The U.S. Department of Interior recently announced new regulations (effective January 1, 2017) governing how federal royalties on oil and gas produced from federal leases are to be calculated. These regulations make some significant changes on how lessees are to value the production of natural gas from federal leases for the purposes of determining federal royalties. Some notable changes, with a focus on natural gas, are briefly addressed below, but the regulations should be viewed in their entirety in light of the specific marketing, transportation and processing circumstances involved.

Valuation of Unprocessed Gas

For non-arm’s length sales of unprocessed gas, the Office of Natural Resources Revenue (ONRR) is eliminating the valuation “benchmarks.” Instead, where a lessee’s sale of natural gas is to an affiliate, the new regulations require the lessee to (1) pay royalties based on the gross proceeds received in the first arm’s-length sale by the lessee’s affiliate or, (2) at the option of the lessee, pay royalties based on an index pricing methodology. For arm’s length sales, the lessee must value unprocessed gas based on its gross proceeds and may not use the index pricing method.

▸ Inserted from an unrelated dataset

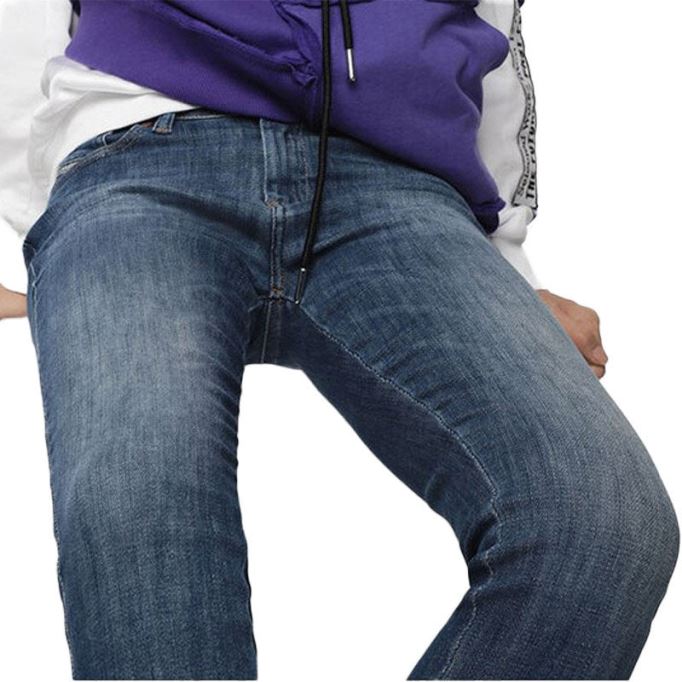 Slandy 088av レディース ジーンズ スーパースリム スキニー レギュラー ウエスト フィット トラウザーズ ディーゼル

The optional index pricing method for non-arm’s length sales looks to where a lessee’s gas could physically flow. If the gas stream could flow to several index pricing points, the index price method requires the lessee to use “the highest reported monthly bidweek price for the index pricing points to which your gas could be transported for the production month, whether or not there are constraints for that production month.” 30 C.F.R. 1206.41(c)(1)(ii). If a lessee can only transport gas to one index pricing point published in an ONRR-approved publication, value is to be determined by the highest reported monthly bidweek price for that index. 30 C.F.R. 1206.14(cc)(1)(i). For onshore production, the index price value is reduced by 10 percent (but not less than 10 cents per MMBtu or more than 30 cents per MMBtu), to account for transportation and no separate transportation allowance is allowed. Once a lessee selects an ONRR approved publication the lessee may not select a different publication more often than once every two years.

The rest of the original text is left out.